Speaking just over a week ago, Parkinson conceded: "It's such a difficult balancing act because we have a limited amount left to spend, purely because of the salary cap."
Even rough, approximate calculations underline why this is the case.
When the rules were voted through earlier in the summer, any player already contracted to a club had their wage (for purposes of the cap) calculated at the league average, which was £113,000 a year.
Excluding McGeady, Sunderland had 16 players affected by that ruling at the time.
It left them with, in theory, £580,000 for five players. That worked out around £2,200 a week for each player.
Since then, they have signed Remi Matthews, Arbenit Xhemajli and Danny Graham.
Their salaries are of course undisclosed, but two of the three have significant Championship experience and the other was playing at a good level on the continent.
Even if we are to apply the average salary mentioned above to each signing and then calculate what Sunderland have left, it still only works out at around £354,000 (or £6,800 a week) to play with.
The actual figure could of course be lower, and remember that the cap also includes any agent fees or payments made in concluding a deal.
Consider, too, that Sunderland have a number of talented assets in the final year of their current deal (Luke O’Nien, Jordan Willis and Denver Hume to name three).
Should they renew at any time, their wage for the cap will no longer be the divisional average, but the new salary that they are earning.
The two key positions for Parkinson to fill
All of which underlines why the loan market and U21 additions are attractive to the Black Cats right now.
At the moment, it looks as if there are two key positions that Parkinson wants to fill.
The priority, clearly, is competition and cover at left wing-back.
Denver Hume continues to go from strength to strength and would take some shifting from the side, but there is a recognition that he cannot play every minute of every game.
The situation is not critical, in that O'Nien and Lynden Gooch can offer emergency cover (Tom Flanagan probably could too), but that is probably not sustainable for the course of a full season.

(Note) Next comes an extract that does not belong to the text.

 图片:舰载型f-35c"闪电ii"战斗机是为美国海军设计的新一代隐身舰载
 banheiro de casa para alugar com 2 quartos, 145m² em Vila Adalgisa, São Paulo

It seems certain that this will be a slot filled by one of the senior spaces available, and Parkinson has options in mind if a deal that suits all parties can be struck.
Parkinson is keeping across the loan market but the reality is that most Premier League clubs want guarantees for their youngsters. Hume's form makes that difficult.
Parkinson's plans have also been complicated by the serious injury suffered by Morgan Feeney.
Though Parkinson does have plenty of options, it's a question of balance.
He is likely to continue with three at the back for the forseeable future and wants two options in every position.
On the left, he has Flanagan and Xhemajli. On the right, Willis and Conor McLaughlin (with Brandon Taylor as additional cover).
Feeney was the understudy to Bailey Wright in the middle, with Parkinson believing they share similar characteristics.
So Parkinson is keen for another addition in that position, and clearly the U21 market will be an option he has to consider.
Any other business?
Many supporters are keen to see at least one other attacking addition, though the above outlines why that could be tricky.
Parkinson, too, has Embleton returning to fitness and potentially, Benji Kimpioka returning to the club (though he will be well short of match fitness).
The pursuit of Mateo Bajamich shows he is not against another additon up front, though competition is fierce for the Argentinian. He has also said he will only loan a player if they immediately improve his starting XI.
Parkinson has noted Bajamich's pace and dynamism, which underlines the characterstics he may be open to adding.
It shows there could be funds available for an U21 player, but it's worth stressing that it does not mean one will arrive, regardless of what happens with the Bajamich pursuit.
These deals are about a calculated gamble and require agreement across key figures at the club.
One to watch, rather than one to expect.